This in-depth article compares Pearcleaner vs App Cleaner & Uninstaller. Here, you’ll learn how they work, what features and limits they have, and what to expect from them.

Pearcleaner App Cleaner & Uninstaller
Target user Power users, developers All Mac users
macOS 13 Ventura – 26 Tahoe 11 Big Sur – 26 Tahoe
Bulk uninstall Yes (watch false positives) Yes (deep uninstall)
Remaining files Yes (limited) Yes (previous deletion module)
Update channels Sparkle, App Store, Homebrew App Store, Sparkle, Electron, Squirrel, Homebrew, GitHub
App database No, dynamic scan 20,000+ apps
Support GitHub Issues Dedicated team
Price Free (fair-code license) Paid ($14.95/year) • Free trial

How I compared Pearcleaner and App Cleaner & Uninstaller

I ran tests on a MacBook Pro M1 with 8 GB RAM (updated to macOS Tahoe 26.4.1), using Pearcleaner v5.4.3 and App Cleaner & Uninstaller v9.2.1.

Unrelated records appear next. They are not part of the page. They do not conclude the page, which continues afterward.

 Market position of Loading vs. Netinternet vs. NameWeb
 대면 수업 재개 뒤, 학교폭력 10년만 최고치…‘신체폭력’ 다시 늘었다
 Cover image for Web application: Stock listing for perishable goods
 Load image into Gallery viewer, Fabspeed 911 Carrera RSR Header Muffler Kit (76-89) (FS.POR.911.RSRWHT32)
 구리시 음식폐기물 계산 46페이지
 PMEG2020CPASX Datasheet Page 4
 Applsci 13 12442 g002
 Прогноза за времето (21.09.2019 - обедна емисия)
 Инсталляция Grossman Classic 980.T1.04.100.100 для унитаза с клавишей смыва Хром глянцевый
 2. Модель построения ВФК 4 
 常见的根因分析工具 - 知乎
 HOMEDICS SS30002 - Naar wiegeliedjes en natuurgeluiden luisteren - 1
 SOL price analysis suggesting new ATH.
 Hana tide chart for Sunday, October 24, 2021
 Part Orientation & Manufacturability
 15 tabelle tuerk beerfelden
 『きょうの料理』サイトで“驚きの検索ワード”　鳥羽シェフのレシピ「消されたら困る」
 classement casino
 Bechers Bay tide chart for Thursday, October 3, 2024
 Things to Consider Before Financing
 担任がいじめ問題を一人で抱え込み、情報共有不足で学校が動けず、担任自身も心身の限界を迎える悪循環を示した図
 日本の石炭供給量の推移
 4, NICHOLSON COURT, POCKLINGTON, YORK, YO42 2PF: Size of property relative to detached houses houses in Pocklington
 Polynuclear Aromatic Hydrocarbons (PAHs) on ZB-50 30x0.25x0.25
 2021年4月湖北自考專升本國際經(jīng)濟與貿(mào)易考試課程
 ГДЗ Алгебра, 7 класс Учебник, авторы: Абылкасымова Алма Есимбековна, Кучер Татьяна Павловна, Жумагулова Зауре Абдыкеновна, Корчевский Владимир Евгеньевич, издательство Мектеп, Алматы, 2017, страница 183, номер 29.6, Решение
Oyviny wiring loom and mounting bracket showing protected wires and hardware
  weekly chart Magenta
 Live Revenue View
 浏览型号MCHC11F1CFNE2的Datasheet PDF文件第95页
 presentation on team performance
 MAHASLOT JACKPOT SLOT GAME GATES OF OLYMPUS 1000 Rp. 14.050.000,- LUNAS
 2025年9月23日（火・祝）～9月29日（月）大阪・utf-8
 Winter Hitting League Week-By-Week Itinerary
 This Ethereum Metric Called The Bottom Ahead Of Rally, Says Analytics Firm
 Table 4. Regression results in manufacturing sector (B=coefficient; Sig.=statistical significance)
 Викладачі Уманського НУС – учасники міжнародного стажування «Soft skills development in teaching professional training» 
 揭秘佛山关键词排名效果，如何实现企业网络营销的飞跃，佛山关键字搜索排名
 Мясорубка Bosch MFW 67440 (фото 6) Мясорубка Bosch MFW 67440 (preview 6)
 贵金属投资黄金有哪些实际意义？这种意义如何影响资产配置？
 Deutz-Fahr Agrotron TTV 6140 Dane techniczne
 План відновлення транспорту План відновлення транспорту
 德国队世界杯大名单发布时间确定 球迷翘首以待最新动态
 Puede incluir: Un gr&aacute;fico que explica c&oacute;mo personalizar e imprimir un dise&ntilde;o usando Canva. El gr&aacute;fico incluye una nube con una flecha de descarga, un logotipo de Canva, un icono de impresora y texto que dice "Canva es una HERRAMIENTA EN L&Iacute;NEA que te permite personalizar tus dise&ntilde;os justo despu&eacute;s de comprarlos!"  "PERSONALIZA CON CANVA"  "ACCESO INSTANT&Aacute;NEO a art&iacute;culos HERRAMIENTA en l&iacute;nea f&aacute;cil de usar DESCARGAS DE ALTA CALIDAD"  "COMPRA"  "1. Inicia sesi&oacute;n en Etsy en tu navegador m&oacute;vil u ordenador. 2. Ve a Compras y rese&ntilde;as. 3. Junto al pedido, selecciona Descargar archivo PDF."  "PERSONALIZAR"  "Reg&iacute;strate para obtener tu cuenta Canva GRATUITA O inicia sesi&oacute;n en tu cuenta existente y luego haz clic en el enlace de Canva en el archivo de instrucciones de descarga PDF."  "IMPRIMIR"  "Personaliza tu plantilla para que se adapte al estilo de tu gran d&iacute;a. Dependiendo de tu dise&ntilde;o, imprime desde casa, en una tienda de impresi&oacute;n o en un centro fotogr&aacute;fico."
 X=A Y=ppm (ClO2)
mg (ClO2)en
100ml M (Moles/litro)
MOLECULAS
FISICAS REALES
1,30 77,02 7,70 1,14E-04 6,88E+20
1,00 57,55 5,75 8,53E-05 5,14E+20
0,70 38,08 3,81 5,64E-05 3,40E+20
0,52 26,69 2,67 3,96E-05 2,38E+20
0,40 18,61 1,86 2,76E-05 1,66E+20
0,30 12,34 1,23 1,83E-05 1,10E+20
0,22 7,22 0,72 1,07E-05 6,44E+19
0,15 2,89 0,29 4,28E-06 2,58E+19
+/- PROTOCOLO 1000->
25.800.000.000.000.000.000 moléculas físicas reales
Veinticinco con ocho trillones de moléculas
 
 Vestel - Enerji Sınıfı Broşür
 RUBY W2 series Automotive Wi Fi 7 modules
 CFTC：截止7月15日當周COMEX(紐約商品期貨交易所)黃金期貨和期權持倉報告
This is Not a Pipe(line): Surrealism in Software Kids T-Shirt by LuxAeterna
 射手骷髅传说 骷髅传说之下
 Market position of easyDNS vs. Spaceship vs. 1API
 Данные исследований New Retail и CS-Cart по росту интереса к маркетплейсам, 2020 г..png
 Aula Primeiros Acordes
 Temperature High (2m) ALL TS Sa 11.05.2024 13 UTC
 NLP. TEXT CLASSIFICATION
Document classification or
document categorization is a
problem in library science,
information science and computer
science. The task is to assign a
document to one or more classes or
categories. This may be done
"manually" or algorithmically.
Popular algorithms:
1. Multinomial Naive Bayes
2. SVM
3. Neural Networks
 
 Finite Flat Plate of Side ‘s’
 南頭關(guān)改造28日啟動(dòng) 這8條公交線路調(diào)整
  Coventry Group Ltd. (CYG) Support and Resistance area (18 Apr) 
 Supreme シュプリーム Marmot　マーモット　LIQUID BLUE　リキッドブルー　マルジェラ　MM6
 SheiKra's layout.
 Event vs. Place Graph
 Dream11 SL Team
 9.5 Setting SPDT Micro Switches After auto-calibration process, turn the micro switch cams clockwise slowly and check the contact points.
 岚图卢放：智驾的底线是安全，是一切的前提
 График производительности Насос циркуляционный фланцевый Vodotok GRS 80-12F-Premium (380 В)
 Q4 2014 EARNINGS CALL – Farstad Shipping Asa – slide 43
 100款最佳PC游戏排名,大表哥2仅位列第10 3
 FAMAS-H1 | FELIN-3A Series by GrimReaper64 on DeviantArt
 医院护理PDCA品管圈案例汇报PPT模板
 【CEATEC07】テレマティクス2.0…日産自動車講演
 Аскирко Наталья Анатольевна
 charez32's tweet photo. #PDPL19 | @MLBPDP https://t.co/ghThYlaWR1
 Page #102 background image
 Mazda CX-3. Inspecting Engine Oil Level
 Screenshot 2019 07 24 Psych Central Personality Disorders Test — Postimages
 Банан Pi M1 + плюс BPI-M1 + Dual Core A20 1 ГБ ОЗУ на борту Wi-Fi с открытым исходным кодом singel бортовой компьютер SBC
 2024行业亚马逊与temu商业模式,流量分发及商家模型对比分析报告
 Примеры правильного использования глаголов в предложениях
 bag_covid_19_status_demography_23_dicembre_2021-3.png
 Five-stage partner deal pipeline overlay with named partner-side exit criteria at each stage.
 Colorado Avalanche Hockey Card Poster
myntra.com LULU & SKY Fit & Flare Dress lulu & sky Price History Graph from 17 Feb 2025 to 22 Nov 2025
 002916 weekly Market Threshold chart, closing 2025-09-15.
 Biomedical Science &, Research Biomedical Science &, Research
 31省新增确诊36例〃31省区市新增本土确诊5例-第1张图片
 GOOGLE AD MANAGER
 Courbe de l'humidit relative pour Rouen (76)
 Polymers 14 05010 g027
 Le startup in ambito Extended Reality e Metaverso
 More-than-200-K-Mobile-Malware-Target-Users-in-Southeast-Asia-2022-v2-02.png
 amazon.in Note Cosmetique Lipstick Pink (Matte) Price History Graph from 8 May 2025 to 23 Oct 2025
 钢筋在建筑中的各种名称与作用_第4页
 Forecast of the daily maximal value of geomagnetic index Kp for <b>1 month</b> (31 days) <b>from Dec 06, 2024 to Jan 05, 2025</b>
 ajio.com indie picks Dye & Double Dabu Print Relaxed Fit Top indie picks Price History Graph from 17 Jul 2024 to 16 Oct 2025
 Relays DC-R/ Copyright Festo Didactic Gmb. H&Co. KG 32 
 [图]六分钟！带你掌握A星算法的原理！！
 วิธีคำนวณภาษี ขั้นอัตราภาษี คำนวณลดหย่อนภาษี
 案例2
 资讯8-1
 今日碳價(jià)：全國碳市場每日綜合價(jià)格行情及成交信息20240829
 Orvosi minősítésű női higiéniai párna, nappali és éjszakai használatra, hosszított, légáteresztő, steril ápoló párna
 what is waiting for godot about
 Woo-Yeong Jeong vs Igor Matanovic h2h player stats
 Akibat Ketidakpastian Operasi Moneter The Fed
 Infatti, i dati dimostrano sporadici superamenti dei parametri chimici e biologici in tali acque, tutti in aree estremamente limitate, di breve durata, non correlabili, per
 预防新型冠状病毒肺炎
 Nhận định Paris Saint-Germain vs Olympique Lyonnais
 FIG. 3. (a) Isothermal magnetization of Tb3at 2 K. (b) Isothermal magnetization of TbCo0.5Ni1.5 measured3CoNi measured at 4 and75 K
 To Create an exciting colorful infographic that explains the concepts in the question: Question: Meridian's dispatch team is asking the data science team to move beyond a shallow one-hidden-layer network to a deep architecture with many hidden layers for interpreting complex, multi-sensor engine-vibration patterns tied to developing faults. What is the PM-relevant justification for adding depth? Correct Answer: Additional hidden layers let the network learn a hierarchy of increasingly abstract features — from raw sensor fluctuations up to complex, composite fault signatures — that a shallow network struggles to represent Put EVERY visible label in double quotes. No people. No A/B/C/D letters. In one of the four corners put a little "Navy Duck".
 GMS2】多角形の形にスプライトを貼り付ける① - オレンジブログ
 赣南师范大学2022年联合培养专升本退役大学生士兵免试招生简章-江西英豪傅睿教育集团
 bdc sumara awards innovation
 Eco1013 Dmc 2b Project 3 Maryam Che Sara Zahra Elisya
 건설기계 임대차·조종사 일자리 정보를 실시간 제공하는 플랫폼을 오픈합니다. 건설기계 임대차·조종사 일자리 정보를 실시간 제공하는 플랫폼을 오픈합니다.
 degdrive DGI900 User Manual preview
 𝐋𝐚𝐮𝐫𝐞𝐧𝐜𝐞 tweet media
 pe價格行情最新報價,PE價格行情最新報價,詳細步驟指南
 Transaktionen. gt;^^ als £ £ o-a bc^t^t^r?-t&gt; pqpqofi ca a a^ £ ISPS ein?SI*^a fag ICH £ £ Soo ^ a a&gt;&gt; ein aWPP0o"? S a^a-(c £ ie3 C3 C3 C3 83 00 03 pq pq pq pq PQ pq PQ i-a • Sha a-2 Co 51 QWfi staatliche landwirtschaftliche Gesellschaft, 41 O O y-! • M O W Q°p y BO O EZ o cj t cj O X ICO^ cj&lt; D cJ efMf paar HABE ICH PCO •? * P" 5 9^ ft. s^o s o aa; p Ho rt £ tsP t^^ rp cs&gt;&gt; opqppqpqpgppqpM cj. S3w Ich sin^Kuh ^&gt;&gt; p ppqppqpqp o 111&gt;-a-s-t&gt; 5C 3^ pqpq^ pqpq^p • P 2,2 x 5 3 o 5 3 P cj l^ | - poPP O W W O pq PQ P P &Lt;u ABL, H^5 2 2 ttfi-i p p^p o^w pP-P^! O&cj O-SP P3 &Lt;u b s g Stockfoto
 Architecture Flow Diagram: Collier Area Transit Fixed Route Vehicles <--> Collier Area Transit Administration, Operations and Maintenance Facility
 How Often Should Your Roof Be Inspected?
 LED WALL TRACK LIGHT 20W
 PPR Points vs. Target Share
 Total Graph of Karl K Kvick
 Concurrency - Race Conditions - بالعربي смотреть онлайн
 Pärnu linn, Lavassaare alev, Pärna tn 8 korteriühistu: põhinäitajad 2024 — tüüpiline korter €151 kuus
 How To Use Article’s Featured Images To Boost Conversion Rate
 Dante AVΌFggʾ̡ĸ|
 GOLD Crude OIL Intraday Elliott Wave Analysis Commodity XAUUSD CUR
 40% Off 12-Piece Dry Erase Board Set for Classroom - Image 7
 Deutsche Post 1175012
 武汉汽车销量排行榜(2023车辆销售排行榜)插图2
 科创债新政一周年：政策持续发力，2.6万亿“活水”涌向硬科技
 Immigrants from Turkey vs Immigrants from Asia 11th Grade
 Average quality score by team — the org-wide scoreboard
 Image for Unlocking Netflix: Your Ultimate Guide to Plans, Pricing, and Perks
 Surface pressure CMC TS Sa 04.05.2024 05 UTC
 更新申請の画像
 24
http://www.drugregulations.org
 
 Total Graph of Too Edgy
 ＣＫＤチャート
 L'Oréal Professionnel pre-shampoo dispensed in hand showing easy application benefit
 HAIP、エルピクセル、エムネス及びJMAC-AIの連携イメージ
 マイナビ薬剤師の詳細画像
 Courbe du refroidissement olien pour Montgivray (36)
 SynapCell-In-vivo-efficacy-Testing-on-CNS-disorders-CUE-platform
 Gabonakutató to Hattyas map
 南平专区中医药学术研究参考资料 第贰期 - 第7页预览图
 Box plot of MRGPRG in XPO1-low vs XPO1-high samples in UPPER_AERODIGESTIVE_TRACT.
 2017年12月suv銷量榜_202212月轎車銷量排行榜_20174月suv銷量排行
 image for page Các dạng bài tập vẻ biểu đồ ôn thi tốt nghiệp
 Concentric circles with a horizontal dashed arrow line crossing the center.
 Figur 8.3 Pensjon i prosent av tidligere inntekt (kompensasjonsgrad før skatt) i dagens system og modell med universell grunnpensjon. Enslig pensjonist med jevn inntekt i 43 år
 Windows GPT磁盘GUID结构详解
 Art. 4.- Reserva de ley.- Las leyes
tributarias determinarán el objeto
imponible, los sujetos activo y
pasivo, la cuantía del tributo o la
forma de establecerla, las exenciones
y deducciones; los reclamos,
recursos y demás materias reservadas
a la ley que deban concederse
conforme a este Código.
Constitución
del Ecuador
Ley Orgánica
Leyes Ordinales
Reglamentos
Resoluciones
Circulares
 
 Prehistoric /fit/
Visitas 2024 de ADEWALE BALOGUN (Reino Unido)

As of the test, there were 81 applications on my Mac. I applied the same set of apps to both tools. The focus was based on our methodology and, inter alia, these criteria:

Methodology and criteria

  • Uninstall accuracy. Tested by removing Google Chrome, BBEdit, and Little Snitch and comparing item counts, file sizes, and false positives between tools.
  • Remaining Files detection. Checked both Orphans and Remaining Files features of a respective tool for completeness and usability of results.
  • App updates coverage. Ran each tool’s updater on the same 81-app machine and recorded updates found, false positives, and missed apps.
  • RAM usage during active scans. Measured using Activity Monitor for the main process and background helpers.
  • Scan time. Timed how long each tool took to populate the Applications list from a cold start.
  • Compatibility. Checked minimum OS requirements against vendor docs.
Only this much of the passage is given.